The ability to work from home is also heavily affected by education level. Among those with university degrees, 51% are now working from home, while only 8% of those with basic education are able to do so. According to the poll, 40% of Hungarians continue to go to work as normal, 21% are working on a modified schedule, and 31% are working from home.
These data suggest that not only are less-educated and lower-earning workers more likely to lose their jobs due to the crisis, but they are also more exposed to the coronavirus as they must continue going into public places to work and are unable to self-isolate by working from home.
Karácsony recommends extending curfew restrictions for another month
Budapest Mayor Gergely Karácsony has asked the government to extend by another month the current curfew restrictions which are set to expire on Saturday.
At a joint press conference on Wednesday with the prime minister's office chief of staff Gergely Gulyás, Karácsony said it is the government's task to decide on extending the restrictions, but that the capital would do everything possible to execute its decision. The mayor asked the government to work with municipalities in handling the social and economic crisis caused by the coronavirus pandemic.

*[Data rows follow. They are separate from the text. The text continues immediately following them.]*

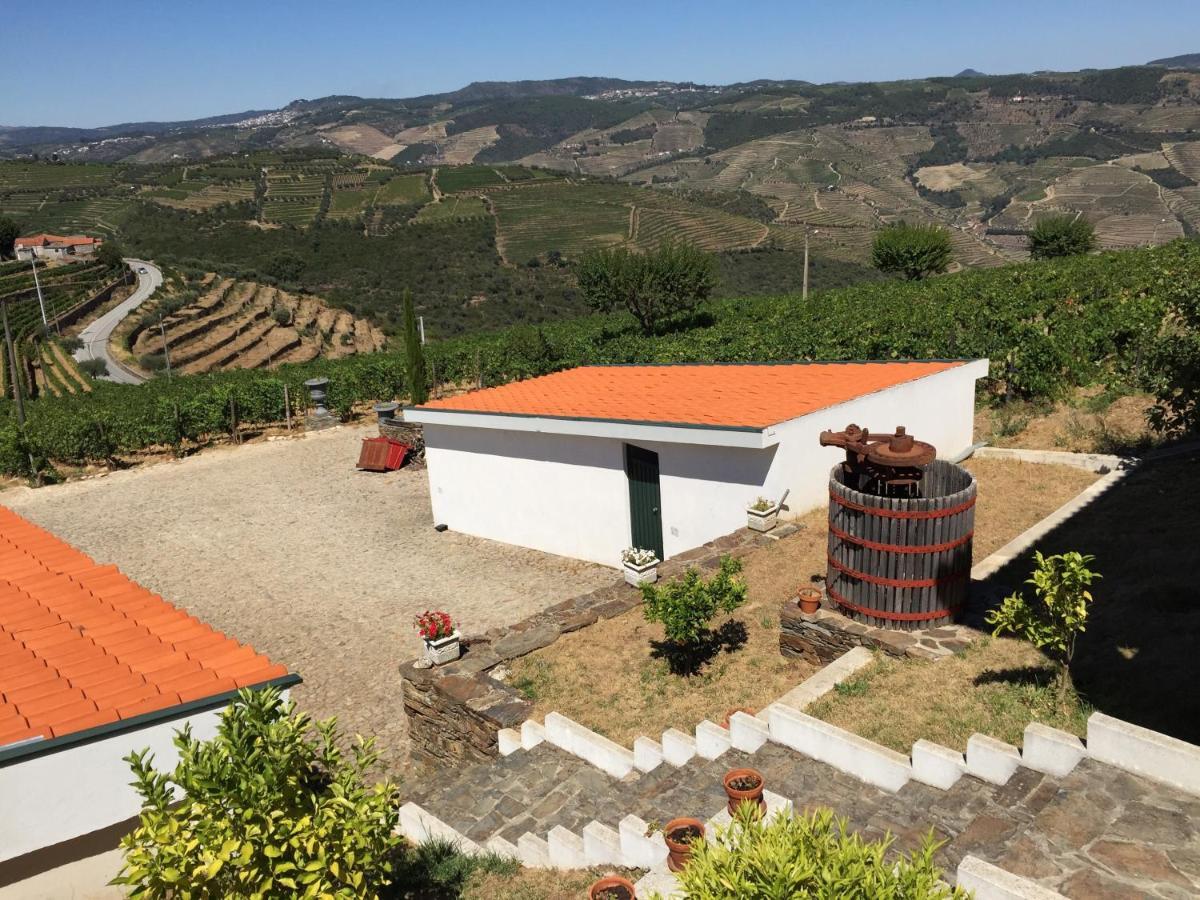 Вілла Quinta Dos Espinheiros Provesende Номер фото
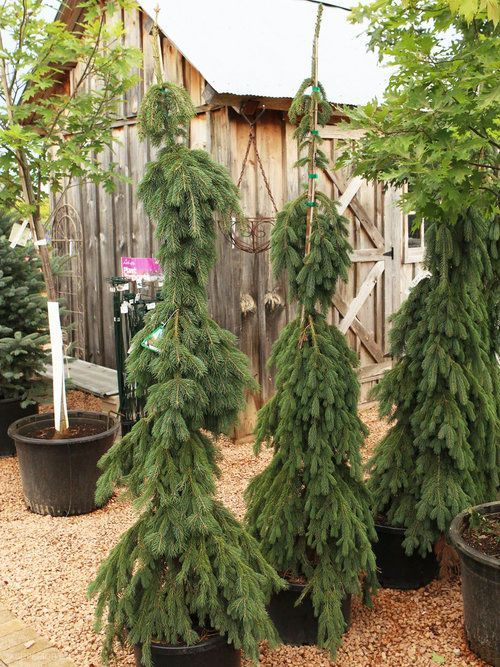 A group of trees in pots are sitting in front of a wooden building.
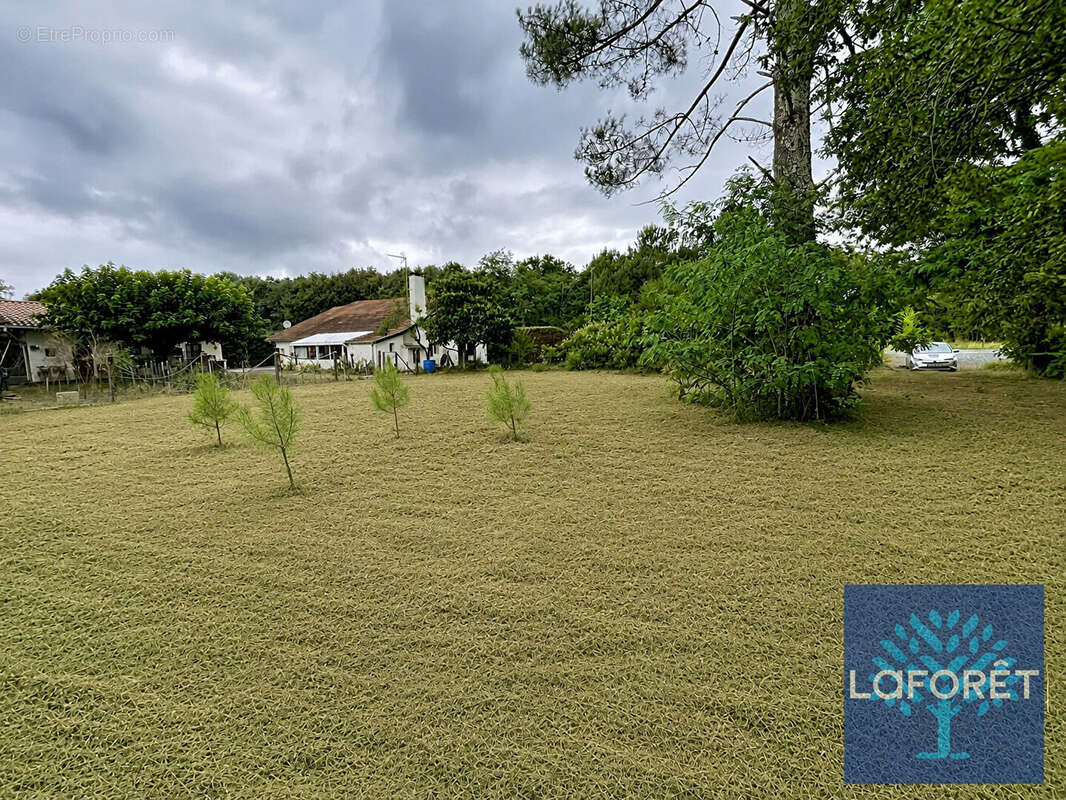 Terrain Saugnac et Cambran 847 m² - photo 3
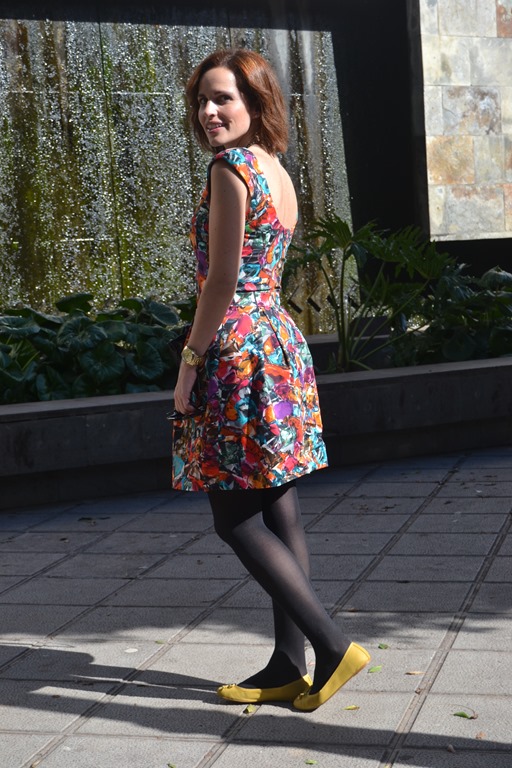 [DSC_1778%255B5%255D.jpg]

President of the Cities with County Rights Association Károly Szita, who was also present at the press conference, suggested that existing curfew rules could be tightened since the population has become less disciplined in obeying the guidelines.
On Thursday, Viktor Orbán announced that the curfew restrictions will be extended for an indefinite period, and the government will evaluate the need for further extensions on a weekly basis. Orbán said that mayors will be given special authority until midnight on Monday, the end of the long Easter weekend, to impose their own curfew regulations.
Numerous towns across the country have encouraged non-locals not to visit on Easter weekend. The town of Nagymaros on the Danube bend ordered the total closure of the town to non-locals between 8 am on Friday and 8 pm on Monday. Karácsony ordered the closure of Margit Island, Óbudai Island and Római Part between 8 am and 10 pm on Friday-Monday.